There are 4 bracelets so the different assignments can be represented by a 4 digit base 4 number.
There are 44= 256 of these numbers and hence 256 different assignments.
+23246 For Part B, same answer but a different approach --
Part A: The first person can receive any of 4 colors, the second person can receive any of 3 colors, the third person can receive any of 2 colors, while the last person can receive only the color remaining ---> 4 x 3 x 2 x 1 = 24
Part B: Call the 4 bracelets A, B, C, and D; '0' means that a person receives no bracelet.
Case 1: each person receives exactly one bracelet -- (see Part A) -- 24 ways
Case 2: one person receives all four bracelets -- since any of the 4 persons can get them all, there will be 4 ways:
(A, B, C, D) - 0 - 0 - 0 or 0 - (A, B, C, D) - 0 - 0 or 0 - 0 - (A, B, C, D) - 0 or 0 - 0 - 0 - (A, B, C, D)

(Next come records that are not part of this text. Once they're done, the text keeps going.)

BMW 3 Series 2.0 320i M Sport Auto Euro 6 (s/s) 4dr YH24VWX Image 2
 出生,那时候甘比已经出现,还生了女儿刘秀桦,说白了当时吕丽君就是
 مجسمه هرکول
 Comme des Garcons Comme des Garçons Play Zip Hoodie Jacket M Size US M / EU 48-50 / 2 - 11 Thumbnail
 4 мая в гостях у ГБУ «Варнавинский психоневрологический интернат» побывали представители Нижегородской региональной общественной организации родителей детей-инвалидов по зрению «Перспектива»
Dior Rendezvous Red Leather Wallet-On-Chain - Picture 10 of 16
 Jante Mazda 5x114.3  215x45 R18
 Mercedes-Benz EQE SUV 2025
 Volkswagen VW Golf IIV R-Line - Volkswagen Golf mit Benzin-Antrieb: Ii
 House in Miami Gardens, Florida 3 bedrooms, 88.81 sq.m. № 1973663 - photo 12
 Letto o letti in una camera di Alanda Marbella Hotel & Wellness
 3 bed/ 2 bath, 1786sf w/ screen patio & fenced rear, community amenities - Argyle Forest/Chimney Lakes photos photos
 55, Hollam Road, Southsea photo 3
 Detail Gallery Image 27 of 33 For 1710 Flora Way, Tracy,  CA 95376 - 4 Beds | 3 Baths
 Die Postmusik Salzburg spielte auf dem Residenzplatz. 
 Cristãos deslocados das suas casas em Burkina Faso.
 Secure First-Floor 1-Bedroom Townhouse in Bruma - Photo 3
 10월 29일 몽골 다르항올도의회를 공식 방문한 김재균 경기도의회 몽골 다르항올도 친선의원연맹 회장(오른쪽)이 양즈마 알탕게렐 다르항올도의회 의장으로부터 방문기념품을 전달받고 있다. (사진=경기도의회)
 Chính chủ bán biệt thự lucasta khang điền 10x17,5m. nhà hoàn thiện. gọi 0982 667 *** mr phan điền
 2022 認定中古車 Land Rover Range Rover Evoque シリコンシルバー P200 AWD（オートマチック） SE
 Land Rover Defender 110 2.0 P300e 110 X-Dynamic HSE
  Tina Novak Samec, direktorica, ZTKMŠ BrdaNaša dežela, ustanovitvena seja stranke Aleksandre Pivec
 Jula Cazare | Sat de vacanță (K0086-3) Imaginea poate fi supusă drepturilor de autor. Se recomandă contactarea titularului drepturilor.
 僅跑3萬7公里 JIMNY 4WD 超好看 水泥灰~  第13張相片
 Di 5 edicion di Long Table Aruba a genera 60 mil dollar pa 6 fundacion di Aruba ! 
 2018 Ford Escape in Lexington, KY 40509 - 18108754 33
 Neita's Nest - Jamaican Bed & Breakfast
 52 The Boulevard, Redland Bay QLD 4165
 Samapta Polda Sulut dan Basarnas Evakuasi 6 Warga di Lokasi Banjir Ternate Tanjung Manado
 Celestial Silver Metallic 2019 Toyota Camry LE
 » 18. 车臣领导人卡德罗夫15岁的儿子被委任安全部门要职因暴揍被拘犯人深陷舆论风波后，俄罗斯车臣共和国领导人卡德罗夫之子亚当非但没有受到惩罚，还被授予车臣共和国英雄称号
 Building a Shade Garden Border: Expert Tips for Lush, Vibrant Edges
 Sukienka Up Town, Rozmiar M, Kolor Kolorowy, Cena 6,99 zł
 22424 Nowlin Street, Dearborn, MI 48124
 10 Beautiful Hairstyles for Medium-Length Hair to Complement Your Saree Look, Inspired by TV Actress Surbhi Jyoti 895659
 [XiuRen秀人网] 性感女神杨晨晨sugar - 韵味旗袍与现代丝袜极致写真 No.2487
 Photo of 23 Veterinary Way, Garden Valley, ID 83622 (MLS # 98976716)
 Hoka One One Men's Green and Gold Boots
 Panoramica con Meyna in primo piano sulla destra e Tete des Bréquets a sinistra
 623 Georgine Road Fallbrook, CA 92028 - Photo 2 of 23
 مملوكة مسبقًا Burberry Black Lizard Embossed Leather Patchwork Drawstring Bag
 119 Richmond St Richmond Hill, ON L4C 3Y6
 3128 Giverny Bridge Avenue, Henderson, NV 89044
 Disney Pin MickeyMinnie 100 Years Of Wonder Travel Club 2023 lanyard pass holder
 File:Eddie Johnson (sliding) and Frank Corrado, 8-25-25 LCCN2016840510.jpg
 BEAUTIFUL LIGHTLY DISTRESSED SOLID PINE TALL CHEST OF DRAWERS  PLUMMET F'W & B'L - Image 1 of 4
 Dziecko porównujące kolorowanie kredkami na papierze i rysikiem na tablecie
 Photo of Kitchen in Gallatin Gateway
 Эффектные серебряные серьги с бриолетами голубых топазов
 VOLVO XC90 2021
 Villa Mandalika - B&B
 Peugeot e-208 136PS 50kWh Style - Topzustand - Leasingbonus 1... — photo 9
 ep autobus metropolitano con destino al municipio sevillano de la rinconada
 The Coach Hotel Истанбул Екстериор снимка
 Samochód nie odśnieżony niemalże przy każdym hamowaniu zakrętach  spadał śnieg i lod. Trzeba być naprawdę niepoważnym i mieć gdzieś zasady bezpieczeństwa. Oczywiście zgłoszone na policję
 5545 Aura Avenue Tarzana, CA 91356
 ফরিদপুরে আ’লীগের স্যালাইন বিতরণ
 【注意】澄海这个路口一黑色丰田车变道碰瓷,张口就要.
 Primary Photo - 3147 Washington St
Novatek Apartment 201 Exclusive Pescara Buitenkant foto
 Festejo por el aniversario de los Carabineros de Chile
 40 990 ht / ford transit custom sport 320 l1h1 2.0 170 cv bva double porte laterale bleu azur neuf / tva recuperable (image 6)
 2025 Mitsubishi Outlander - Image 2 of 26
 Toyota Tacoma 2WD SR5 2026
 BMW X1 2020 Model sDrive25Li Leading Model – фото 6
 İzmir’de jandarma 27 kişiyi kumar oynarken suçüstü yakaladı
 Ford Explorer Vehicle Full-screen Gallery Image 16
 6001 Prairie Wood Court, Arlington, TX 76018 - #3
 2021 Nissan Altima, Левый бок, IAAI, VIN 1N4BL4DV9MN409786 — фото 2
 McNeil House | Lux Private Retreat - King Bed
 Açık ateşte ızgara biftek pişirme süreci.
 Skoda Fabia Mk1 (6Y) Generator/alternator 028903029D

Case 3: one person receives three of the bracelets, while one of the other three persons gets the other one:
(A, B, C) - D - 0 - 0 or D - (A, B, C) - 0 - 0 or D - 0 - (A, B, C) - 0 or D - 0 - 0 - (A, B, C) 4 ways
(A, B, C) - 0 - D - 0 or 0 - (A, B, C) - D - 0 or 0 - D - (A, B, C) - 0 or 0 - 0 - D - (A, B, C) 4 ways
(A, B, C) - 0 - 0 - D or 0 - (A, B, C) - 0 - D or 0 - 0 - (A, B, C) - D or 0 - 0 - D - (A, B, C) 4 ways
subtotal = 12 ways
But instead of (A, B, C), the three could be (A, B, D), (A, C, D), or (B, C, D), so 4 x 12 = 48 ways
Case 4: one person receives two bracelets, two other persons each receive one bracelet, and one person does not get a bracelet:
(A, B) - C - D - 0 or (A, B) - C - 0 - D or (A, B) - D - C - 0 or (A, B) - D - 0 - C
or (A, B) - 0 - C - D or (A, B) - 0 - D - C subtotal = 6 ways
The set of (A, B) could be in each of 4 different positions subtotal = 4 x 6 = 24 ways
Instead of (A, B), the set of two could be (A, C), (A, D), (B, C), (B, D), or (C, D) = 6 ways
Total = 6 x 4 x 6 = 144 ways
Case 5: two persons each get two bracelets, while the ohter two persons get no bracelets:
(A, B) - (C, D) - 0 - 0 or (A, B) - 0 - (C, D) - 0 or (A, B) - 0 - 0 - (C, D)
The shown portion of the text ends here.